Serbia’s potential role in global diplomacy cannot be dismissed and needs to be watched.

France’s President Emmanuel Macron, the longest-serving leader among EU heavyweights, has communicated directly with President Vladimir Putin on many occasions. In 2019, Mr. Macron warned NATO of becoming “brain dead,” with Europe unable to rely on the U.S. to defend it under President Donald Trump. France has a long record of skepticism toward NATO and the U.S. In 1966, then-President Charles de Gaulle opted to leave the military integration structure of NATO. A year later, the influential French writer and politician Jean-Jacques Servan-Schreiber condensed his apprehensions in the bestseller book, “The American Challenge” (“Le defi Americain”).
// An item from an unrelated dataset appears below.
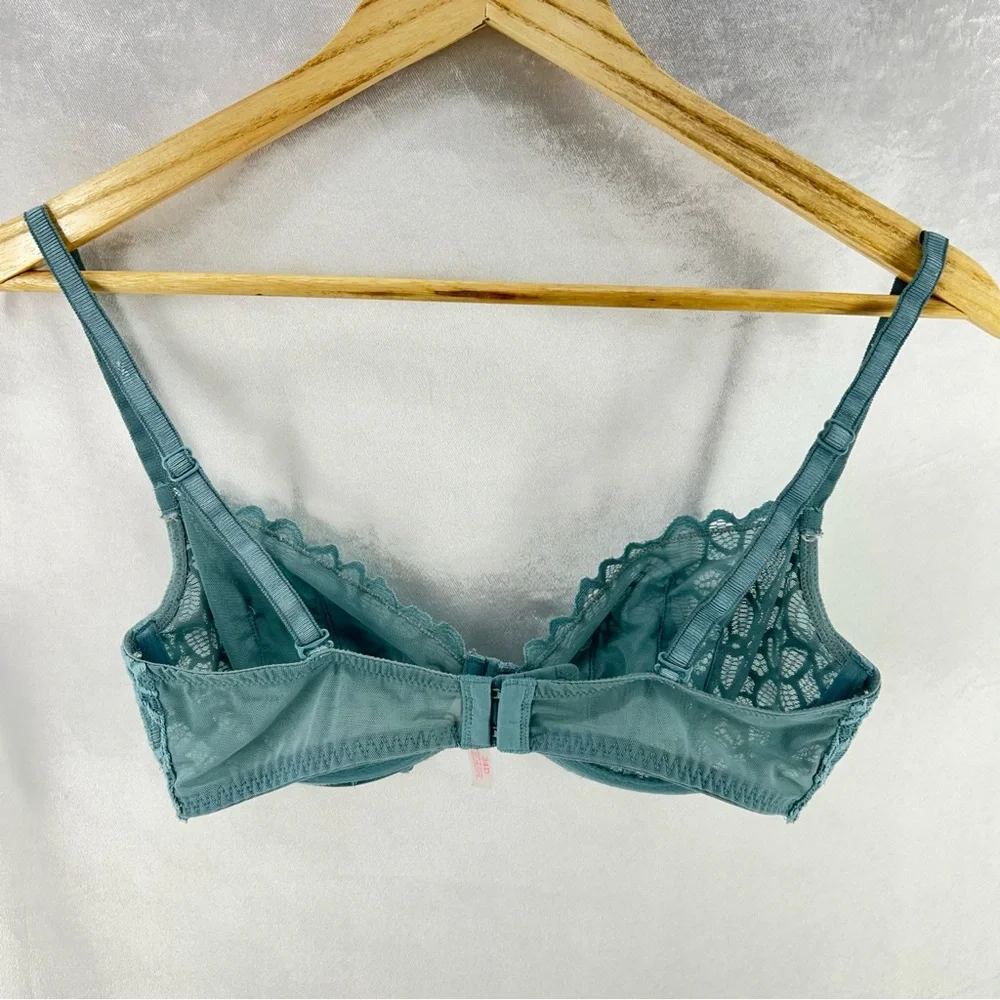 Victorias Secret chic underwire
Is there again a role for Belgrade’s diplomacy?

Serbia is not a member of NATO, let alone the EU. Yet it is anchored in the European economic orbit. But it also has an unsettled issue with Kosovo, for which Russia is giving its valuable support as a veto-wielding member of the UN Security Council. Hence Serbia leans toward Russia while underlining the importance of upholding Ukraine’s territorial sovereignty with a glance toward Serbia’s own position of not recognizing Kosovo as an independent state. It would, therefore, not be absurd to imagine a role for Serbia in the diplomatic process to end Russia’s war on Ukraine, perhaps in concert with partners. Realistically, China and maybe India will most likely be crucial interlocutors of the U.S. and NATO, once the time is ripe to hammer out a settlement between Russia and Ukraine.

The nonaligned movement is, de facto, morphing into a global system advocating multiple alignments in a multipolar world. India, currently presiding over the G20, is rallying countries for a virtual “Voice of Global South Summit” on January 12-13, 2023.

Relations between Belgrade and Beijing are cordial, but can Serbia muster the diplomatic forces and skills to take on an issue of such proportions? President Joe Biden picked Christopher Hill, a seasoned Balkans expert, as his ambassador to Belgrade while Serbian Ambassador Marko Djuric is his boss’ heavyweight confidant in Washington. Serbia’s potential role in global diplomacy cannot be dismissed and needs to be watched.

Scenarios

Scenario 1

With the Russian war in Ukraine and the East-West confrontation continuing to unfold, Serbia will probably do its best to muddle through, hedging its bets and banking on its dominant geographical position in the heart of the Balkans. Belgrade will try to rely on its rich raw materials, special ties with individual EU countries and global network, partly inherited from Yugoslavia and well-groomed, in particular vis-a-vis its nonaligned partners.

Scenario 2

Suppose the Russia-Ukrainian war were to intensify or tilt decisively in favor of one side. In that case, it could hasten the hour of Serbia and other nonaligned countries, especially China. President Aleksandar Vucic’s personal relationships might come into play then. That holds particularly true with actors in Moscow, Beijing, Ankara and New Delhi, but also, albeit to a lesser extent, Washington and the Europeans, with whom the Serbs constantly rub elbows.

In theory, a meaningful role for Serbia in such a scenario presupposes a constant and active foreign policy engagement by Belgrade and a close relationship with Ukraine and President Volodymyr Zelenskiy. Serbian Foreign Minister Ivica Dacic, seen in the West as being close to Moscow, at the same time possesses long-established personal ties with many leaders in all continents, particularly Beijing and the NAM states.

Scenario 3

In a less likely scenario, the Nordic and Baltic hawks within the EU, acting in sync with Washington and London, might pressure Serbia into fully aligning with the West. That would probably need dramatic steps by the EU and a leadership change in Belgrade. Such a maneuver would require tremendous effort and huge material incentives for Serbia to be successful and sustainable.